对保存的游动放线菌进行化学诱变与物理诱变，对诱变菌株发酵那西肽产量进行对比，结果筛选出1株高产菌株，在紫外诱变2 min时那西肽含量达1 356.82 μg/mL，与出发菌株相比（那西肽含量为882.81 μg/mL）提高了53.69%;对发酵培养基进行优化，在豆粉40 g/L、淀粉70 g/L、淀粉酶0.4 g/L、（NH4）2SO4 1.0 g/L、CaCO3 4 g/L，pH 6.5的条件下，那西肽产量为1 582.73 μg/mL，与未优化发酵培养基（那西肽含量为1 356.82 μg/mL）相比提高了16.65%。

参考文献

[1] 莫秋燕，宋元达.过表达根瘤血红蛋白基因对活跃链霉菌那西肽产量的影响[J].安徽农业科学，2016，44（24）：157-159，162.

[2] 李德才.活跃链霉菌产那西肽发酵过程优化控制[D].芜湖：安徽工程大学，2015.

[3] 张秀英，陆连寿，温芳，等.国家那西肽标准品的研制与建立[J].中国兽药杂志，2014，48（12）：50-53.

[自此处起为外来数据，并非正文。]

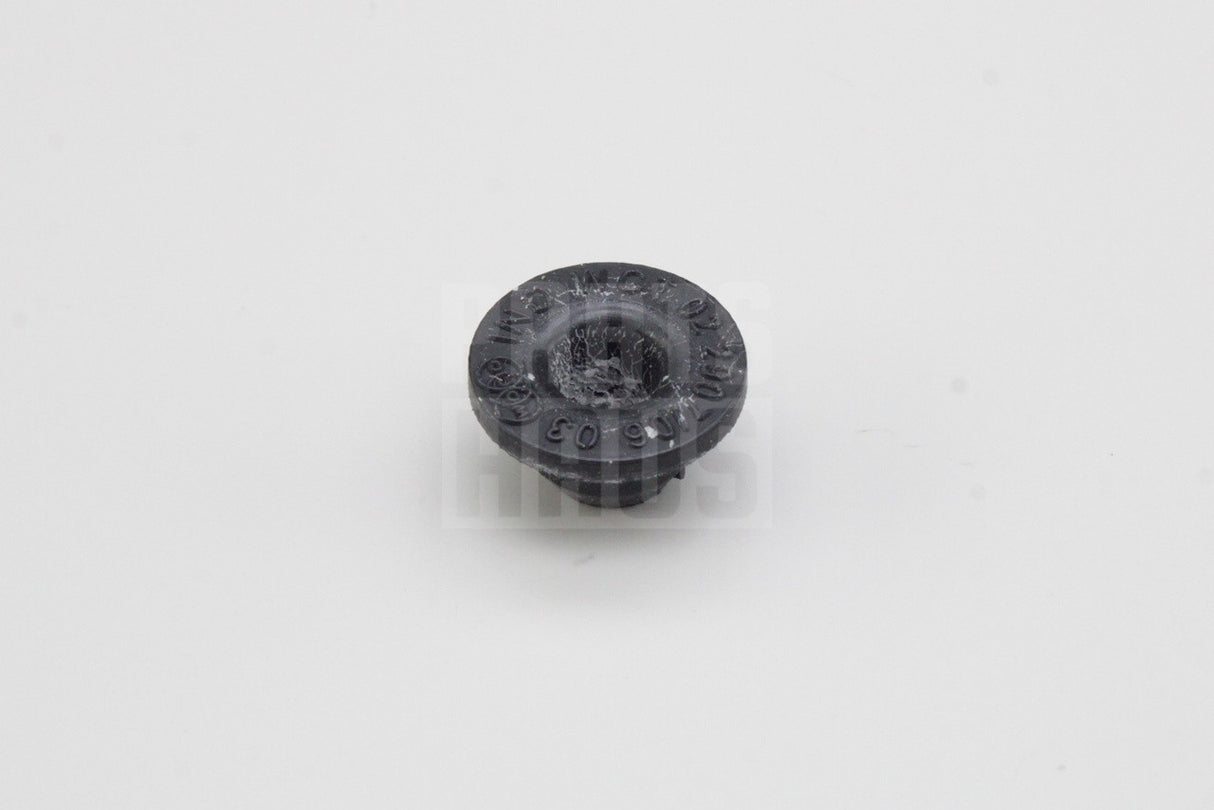 VW Audi Skoda SEAT CUPRA screen wash bottle/pump grommet seal 431955465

[4] 张小朋，曹春华，朱游子，等.那西肽的发展状况及其发酵工艺研究进展[J].饲料工业，2014，35（22）：59-62.

[5] 于丽娜，韩宁宁，徐嫄，等.那西肽预混剂质量分析[J].中国抗生素杂志，2016，41（10）：767-770.

[6] 高自召.链霉素抗性突变选育那西肽高產菌株[J].中国兽药杂志，2012，46（8）：43-46.

[7] 赵世光，华骏，杨帆，等.活跃链霉菌合成那西肽的pH分段控制策略[J].中国抗生素杂志，2015，40（11）：818-822.

[8] 周扬，薛正莲，秦艳飞，等.24孔板培养活跃链霉菌合成那西肽条件的优化[J].中国抗生素杂志，2015，40（5）：344-349.